Everyone seems to be all about winking these days. My colleague at work is constantly practicing, and again today my other friend over a hockey game. Perhaps only now a few of us are at that stage in life where we are finally realizing how hard it is to make winking discreet. I know - and have witnessed - that I'm not the only one who can't wink. It's really not my finest look either.
Sitting on our bar stools, Doug and I were trying to figure out who was worse at winking. The Chicago Blackhawks were clearly not going to win this one, but over here I WAS winning. He finally told me his friend is such a terrible winker, she just turns her head to the side and just blinks. Gotta admit, it gets the job done. It's a pretty fail-proof strategy.
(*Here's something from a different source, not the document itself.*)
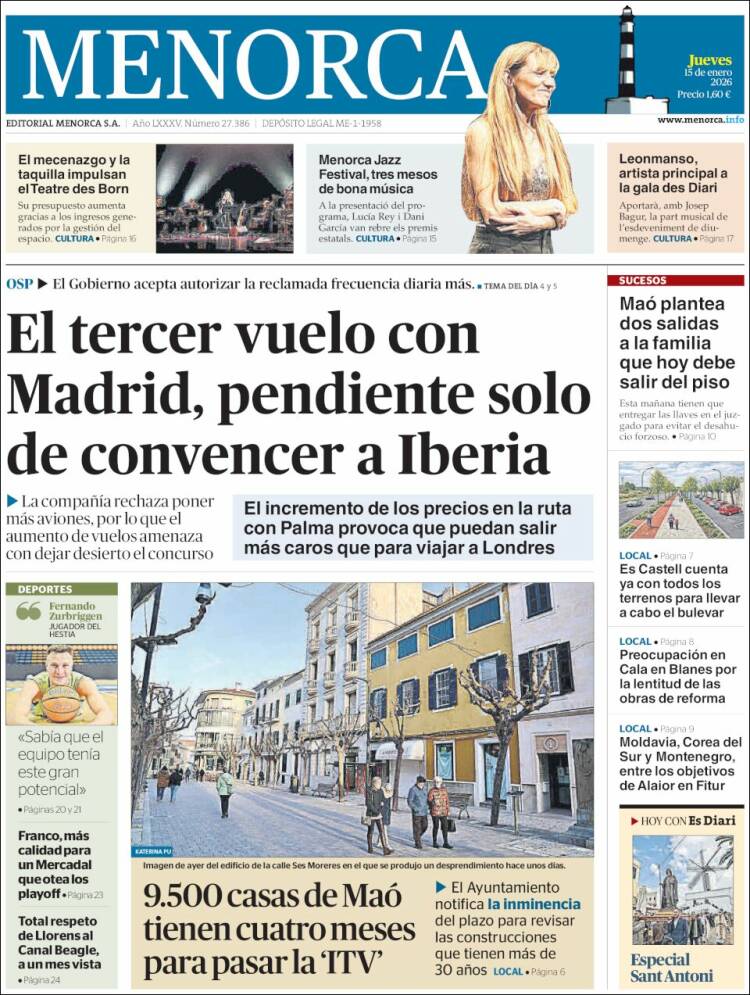 Portada de Menorca - Diario Insular (Espa&ntilde;a)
Even though I work at one of the most highly reputable tech companies, it wasn't until my eighth manager (and after five years of being employed) who offered one of the most insightful pieces of advice. Constantly feeling less technical and in general just behind relative to my peers, one day he told me to "focus on your strengths".
Immersed in an environment where everyone around me seems to be doing something more impactful and amazing, I often get stuck in the loop of feeling like I need to be better, or want to be better. Constantly looking for feedback and "areas of development", we often forget and appreciate what we are good at. What we excel at.
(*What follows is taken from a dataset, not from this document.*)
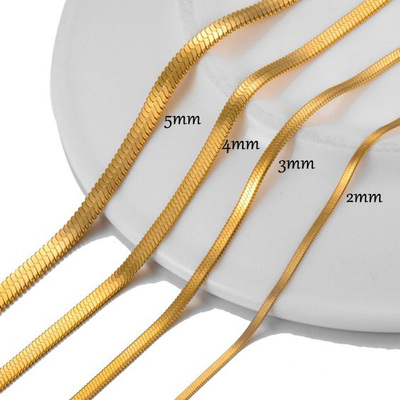 Women Snake Chain, 3/4/5mm Flat Herringbone Chain Chokers,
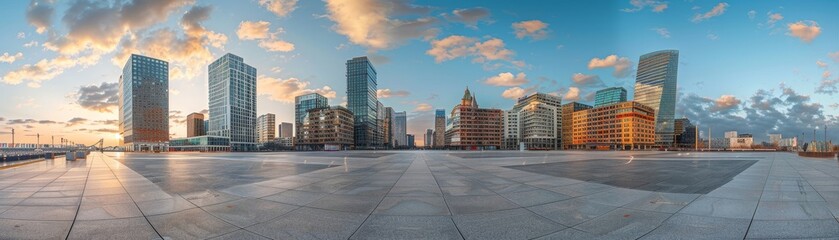 Wall Mural - A city skyline with a large empty plaza in the middle. The sky is clear and blue, and the buildings are tall and modern. The plaza is surrounded by trees, giving it a peaceful and serene atmosphere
That advice stayed with me, and I've stopped stressing out about how can't build data discrepancy tools or dashboards. Maybe I can't build a mobile app or debug a mobile app install issue using Charles. What I am good at is being able to distinguish what I can and cannot do, and being able to tell someone that I don't know know to do something. However, if I don't know how to do something, I better know who does. Thats what teams are for, and how or why teams are successful.
I didn't tell my manager this, but I did wonder if this could be considered "quitting". Or maybe quit while you're ahead. Maybe it's more about figuring out where to put your chips so that you have the highest probability of the greatest return. If you're good at something, or genuinely interested in something, the rate at which you get better at it will naturally be higher. Sounds like a Catch 22.